November 10th, 2011 at 9:21AM
Perhaps, without the ideological spouting, there is an illustration of the utilitarian fallacy: is the greater good (assuming for the sake of discussion that such exist) served by a few little boys sacrificing in order that generations of PSU students get their Saturday traditions?
When it comes to Big Time Sports, the reader with long memory will recall that Donna Shalala was very much part of Bill Clinton’s court intellectual feminist team as well as paymaster for big time football at Syracuse and Wisconsin at the same time that she was wrecking academic programs in the name of Diversity.
Pederasty State’s final regular season game will be at Wisconsin, and I expect Badger Nation to be suitably demonstrative that Saturday. You don’t give those kids, whackaloon fans or otherwise, this kind of material.
November 10th, 2011 at 9:47AM
Big ol’ Cognitive Dissonance Express train coming down the tracks. The normal response is to seek comfort and support from the group that holds the belief being challenged, the weirdo response is to think ‘Maybe we’ve all been wrong.’

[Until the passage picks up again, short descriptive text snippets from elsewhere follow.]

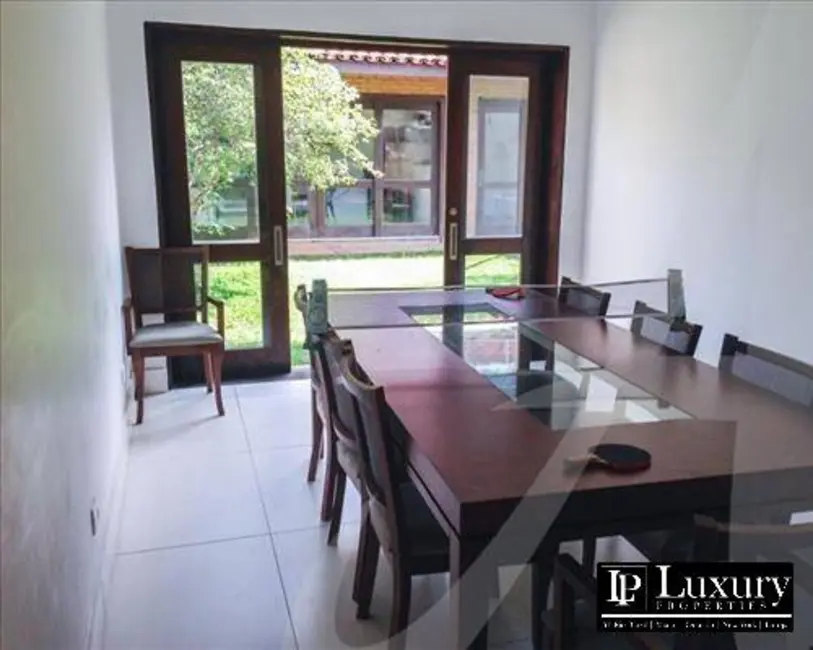 Foto 6 de Casa com 3 quartos à venda e para alugar, 270m2 em Alto de Pinheiros, São Paulo - SP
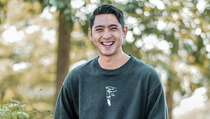 Ini Alasan Arya Saloka Hengkang dari Sinetron Ikatan Cinta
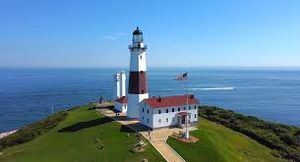 Top Things to Do in Montauk
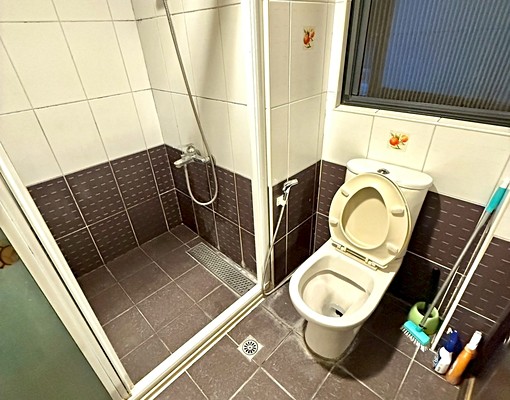 可租補│七期旁捷運兩房平車│租金含管 - 591租屋網 - Image 9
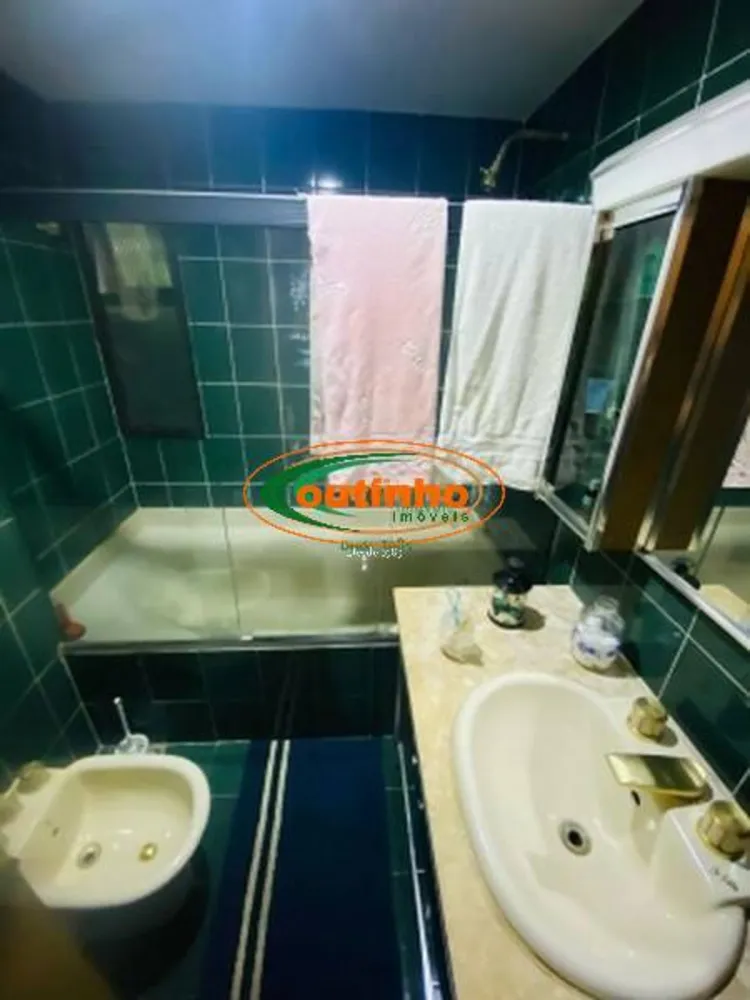 Apartamento, 4 quartos, 123 m² - Foto 15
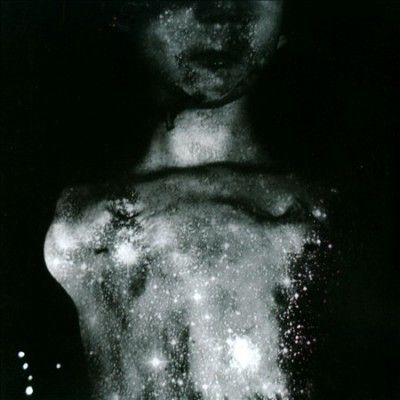 Cyclobe - Visitors (Vinyl)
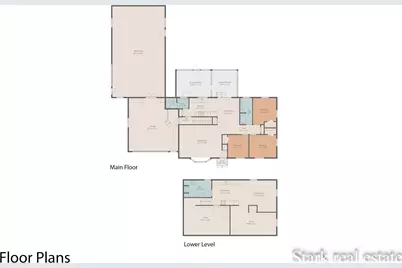 1290 Cardinal Circle Drive, Muskegon, MI 49445 - Photo 43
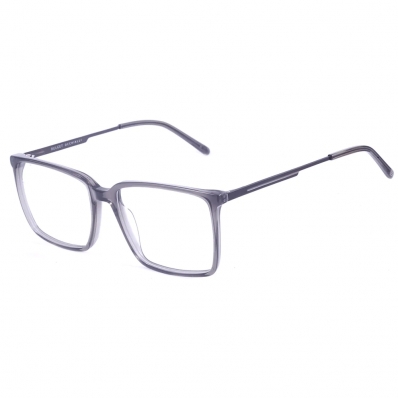 Armação BULGET 7137 G01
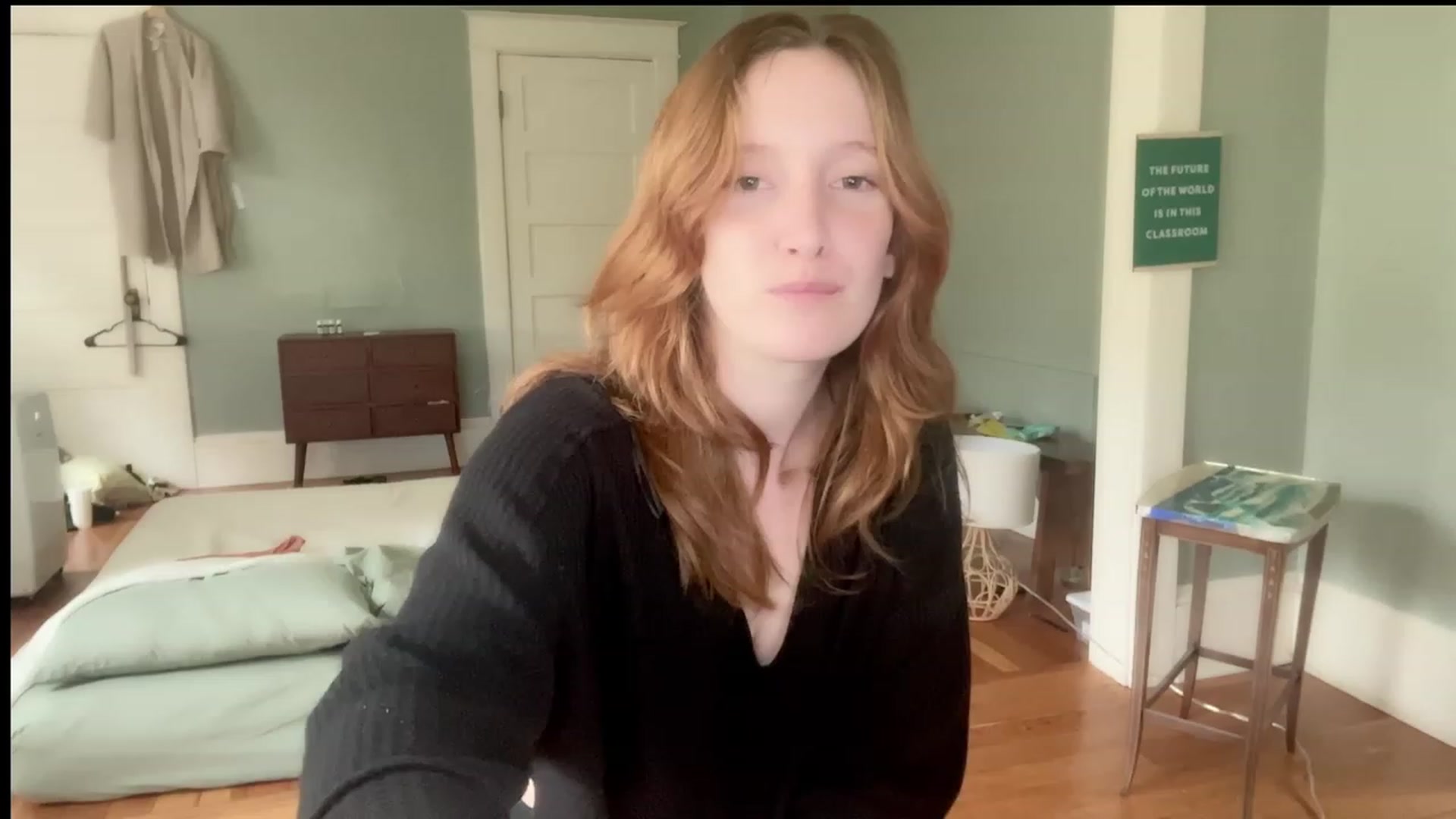 consideruby video thumbnail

November 10th, 2011 at 12:25PM
No, MattF. This is college. University. Any other location, maybe. But if Penn State is anything other than a fraud and a joke, if it’s an actual university, it is the one place in the country where all of those sports attitudes – loyalty above all, evasion of important matters, winning as the only goal – are the opposite of what the institution stands for. At universities, all that stuff is weird. Fearless, independent thought, serious consideration of serious things, moral autonomy – that’s what universities are about, isn’t it? That’s why universities are weird places to normal people, why politicians on the right think they’ve scored major points merely by saying out loud that Obama used to be a college professor. People at universities are supposed to be the first to say Maybe we’ve all been wrong.
November 10th, 2011 at 1:22PM
I’d say Penn State is, right now, an arena where an unambiguous line can be drawn– And, OK, in one corner we have ‘normal’, and in the other, ‘not normal’…
I don’t think, by the way, that winning is the only goal for sports fans, group identification and cohesiveness are the real deal, and are the things that those unhappy Penn State students don’t want to give up.
November 10th, 2011 at 3:14PM
How much does this episode really have to do with football? It’s a lot more like what’s happened to the Catholic Church than like what we hear about in (say) Coral Gables. The organization didn’t crack down hard on a transgressor because he had been a faithful servant (otherwise) and because the publicity would be bad. Obviously the specifics of the case, including the dollars and publicity involved, are conditioned by the aura surrounding Penn State football, but the same kind of cover-up could happen almost anywhere, inside and outside the university.